The "sides" here aren't really political — they're more a split between people who just think the little guy is charming and deserves to be left alone, and people who see attention as a resource to be extracted the second it appears. The crypto trader who broke down the pump wasn't shy about the cynicism baked into his own analysis, noting plainly that "it's still a memecoin, so everything ultimately" comes down to speculation once the narrative's been harvested. Nobody's claiming a deep state cover-up on this one. The only thing being hidden is how fast somebody will monetize literally anything, including an animal that can't consent to being a stock ticker.

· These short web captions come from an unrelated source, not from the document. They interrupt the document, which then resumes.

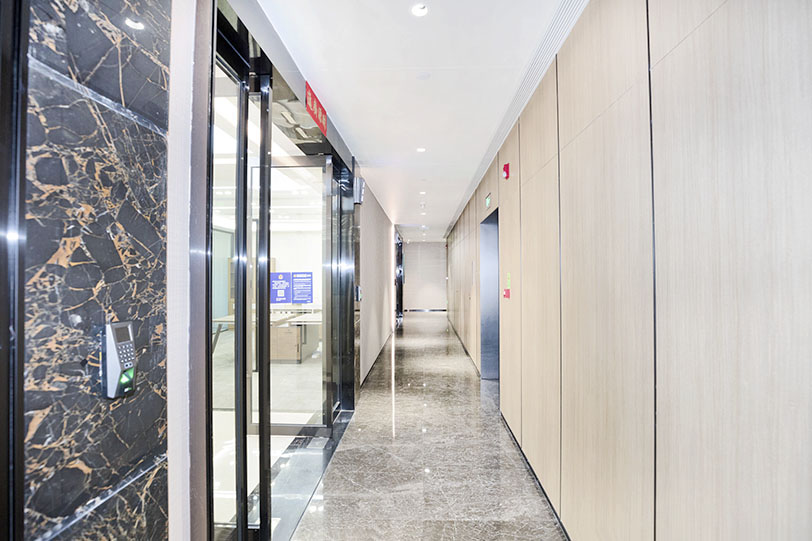 京地大厦 岗厦地铁站D出入口 地铁1号线【罗宝线】地铁10号线【坂田线】交汇处 公共区域图片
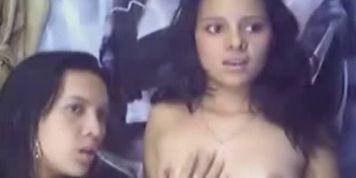 Two Thai Lesbian Amateurs Licking Each Other F70 lesbian girl on girl lesbi
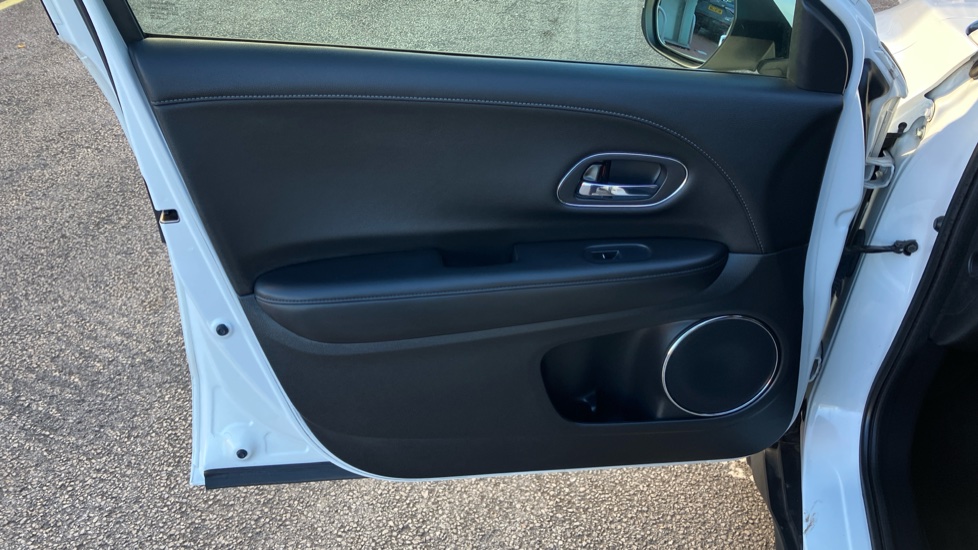 Honda HR-V 1.5 i-VTEC EX 5dr Petrol Hatchback - Image 35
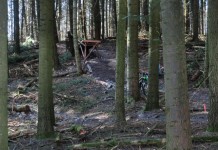 Eröffnung des GravityTrail am Schläferskopf Der erste Drop im oberen Abschnitt des GravityTrail in Wiesbaden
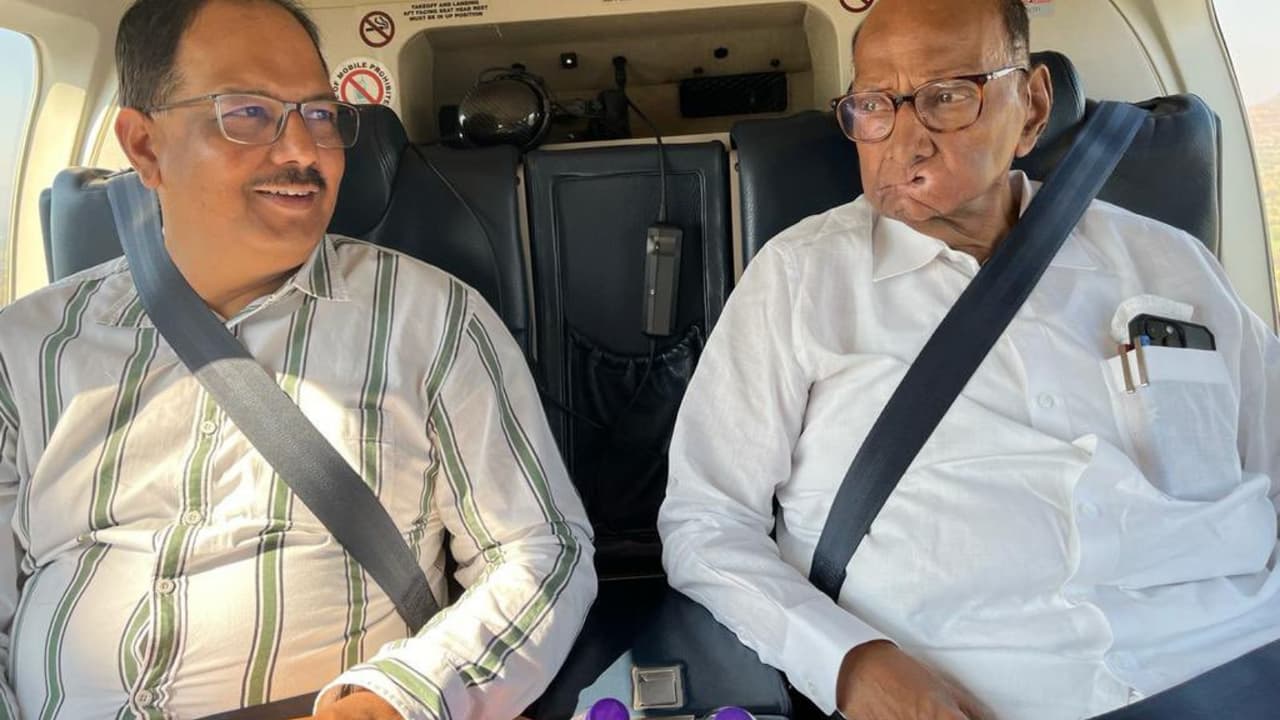 pravin gaikwad with sharad pawar 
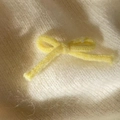 Gros plan sur une barrette en mohair crème faite main avec un nœud en tricot jaune - Jaune
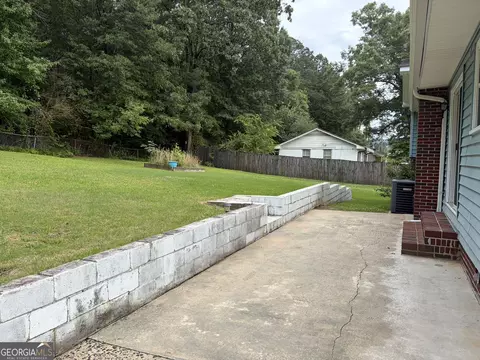 Exterior - 52 Lyons Dr NW, Rome, GA 30165 photo 3 of 10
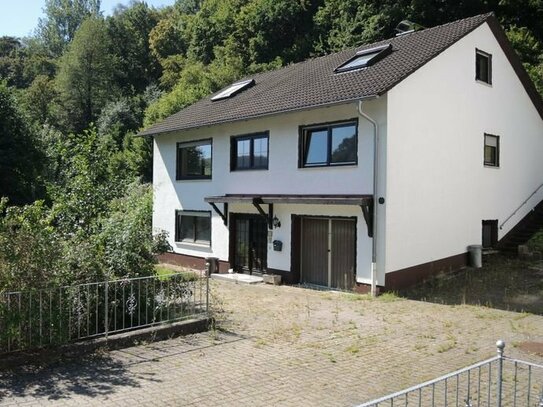 Stadtnahes Einfamilienhaus mit Einliegerwohnung und Garage in Waldrandlage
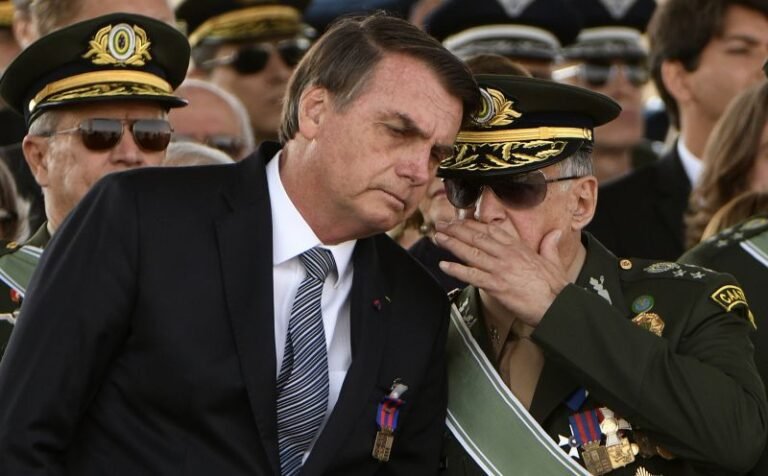 MilitaresBolsonaro 18062025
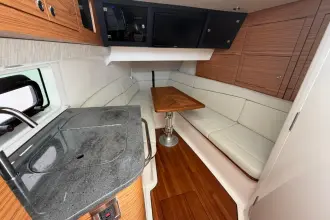 Thumbnail von Boston Whaler 380 Realm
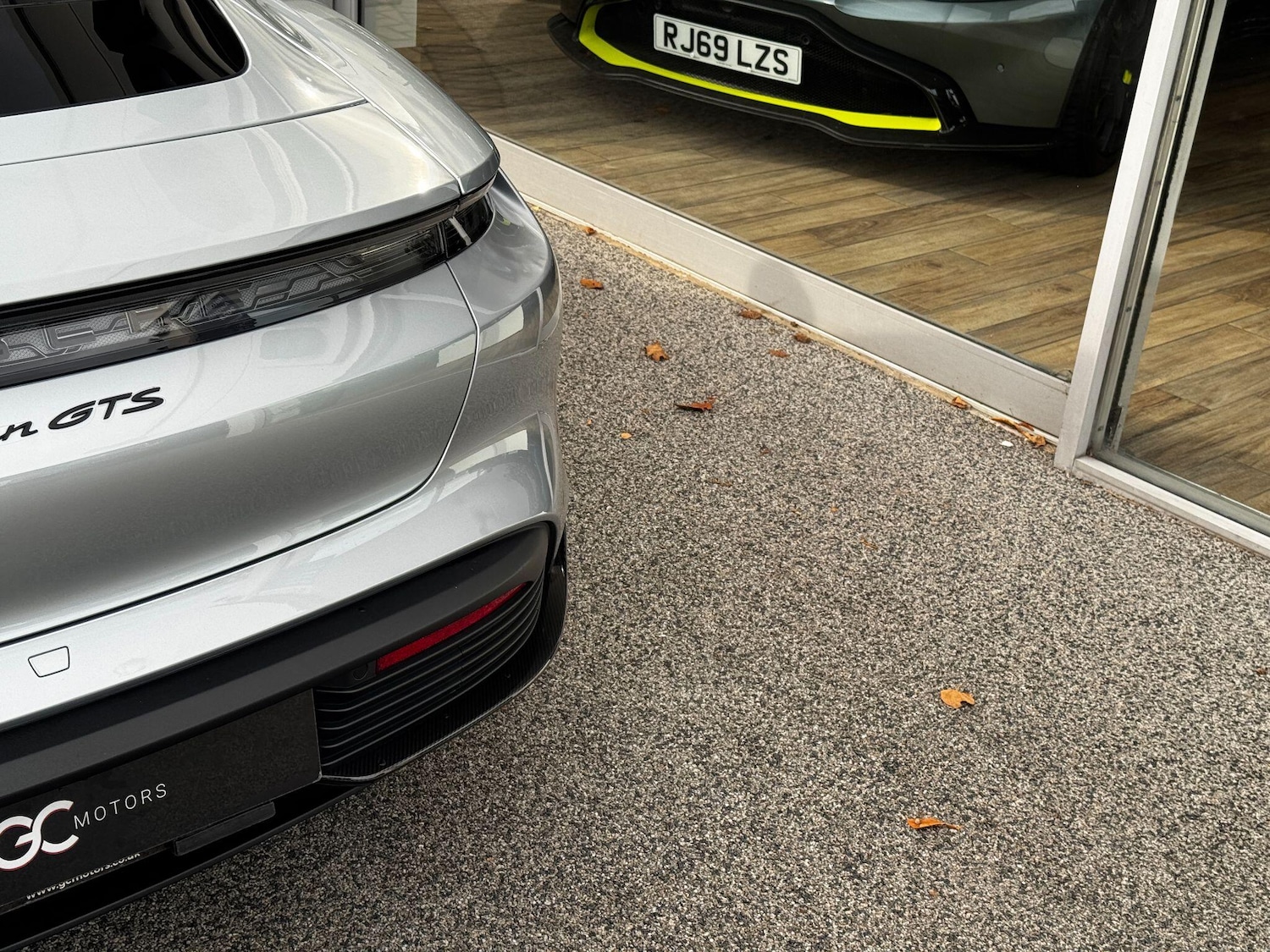 Used Porsche Taycan 2023 for sale - 76457511: Photo 68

In my opinion, this is exactly the kind of week that makes the job exhausting. Somewhere this week, real fights over war and power and who gets to make decisions for millions of people were unfolding in plain sight, and the trending list filled up with a raccoon and a crypto pump built on top of him. I don't blame anyone for smiling at Jimothy — genuinely, good for him, may he live a long and unbothered life in someone's backyard. What gets me is the machinery behind him: the instant reflex to turn a moment of collective delight into a tradeable asset, to strip-mine attention before it even finishes forming. That's not a raccoon problem. That's an us problem. Jimothy didn't ask for a coin named after him, and neither did any of the last dozen memes that got the same treatment before the market moved on and left the bagholders behind. Enjoy the raccoon. Skip the token.